A partir de ahí, Serling y Nelson construyen un intensísimo relato apegado a los ambientes barriobajeros y brumosos del cuadrilátero (a pesar de su práctica ausencia de combates), empapados en trapicheos y extorsiones, que sin embargo se mantiene lejos de la épica grandilocuente de gran estadio, del discurso del sudor por la victoria y el triunfo de la voluntad. Al contrario, la película pronto deviene en un drama de cámara muy ligado a los interiores, a los espacios estrechos. A los recovecos de la moralidad, la amistad, el amor, la compasión y… el fracaso. Los puntos cardinales que determinan la ética de un puñado de personajes que son menos eso que auténticas personas, palpables, profundas y matizadas. Reflejos de la generosidad y la mezquindad, retratos vivientes de la derrota. No en vano, los responsables de Réquiem por un boxeador predican un cierto cariño (derrotista, pero cariño al fin y al cabo) por los perdedores y los desclasados. Por los que están en la parte del escenario donde se difumina el foco.
En estas coordenadas se mueve la película, que transcurre con un tono profundamente melancólico por una escenografía cuidadísima, en algunos momentos hiperexpresiva. De nuevo, inestimable labor la de Nelson en su propia traslación a la gran pantalla, obteniendo unos resultados técnicos y artísticos que no volvería a repetir en toda su carrera a excepción de, quizá, en Los lirios del valle. Un entorno propicio en el que Quinn compone una de sus grandes interpretaciones para ese personaje triste pero lleno de fuerza. Un tipo que se mueve con brusquedad y que condensa en su misma persona los conceptos básicos que maneja el guión de Serling. Heroismo, patetismo y sacrificio. Especialmente, dignidad y honestidad.
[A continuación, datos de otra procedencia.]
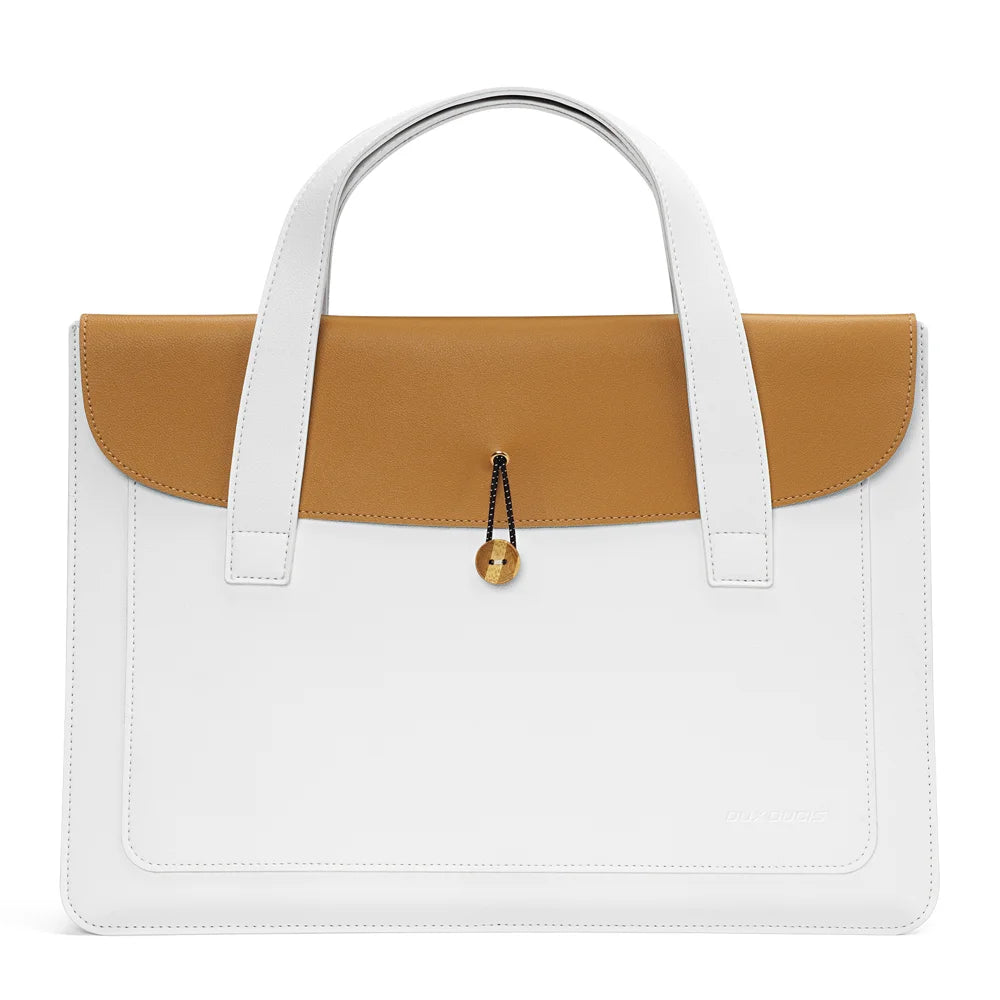 DUX DUCIS PU Leather Handbag for 13-14 Laptop  AURA Series PU Leather Handbag for 13-14 Laptop - Beige+Khaki - 1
Con cincuenta años de historia cargados en sus robustos hombros, Réquiem por un boxeador se inscribe en la afortunada corriente de dramas pugilísticos que van añadiendo sutiles variaciones sobre el corpus global y que van convirtiéndose en pequeñas piezas imprescindibles de un subgénero. De modo que es fácil imaginar esta como una prolongación de algunos aspectos u otros de Cuerpo y alma, de Más dura será la caída, de El ídolo de barro, de Marcado por el odio o, especialmente, de Combate trucado, aún hoy una de las mejores películas sobre boxeadores jamás rodadas. Y a su vez, la de Nelson habrá servido probablemente de inspiración -obviando el periodo de los setenta con notables ejemplos «paralelos» como La gran esperanza blanca o Fat City– a la celebérrima Toro salvaje.
Como sea, Réquiem por un boxeador es una película única, no tanto en su temática como en su rara capacidad para encontrar en lo maximalista el drama más íntimo. Porque es esta una de esas ocasiones en las que todo parece cuadrar: un guión de oro en una realización preciosa, binomio en el que ni sobra ni falta nada, y que finalmente articula una historia tierna pero desarmante, tremendamente humana, intensamente emotiva, hermosa y terrible. Un clásico semioculto que ahora llega a nosotros gracias a una reedición de Sony en DVD, desprovista de extras pero cuidada en la presentación de su video y audio. Imprescindible para disfrutar de una obra maestra de semejante envergadura.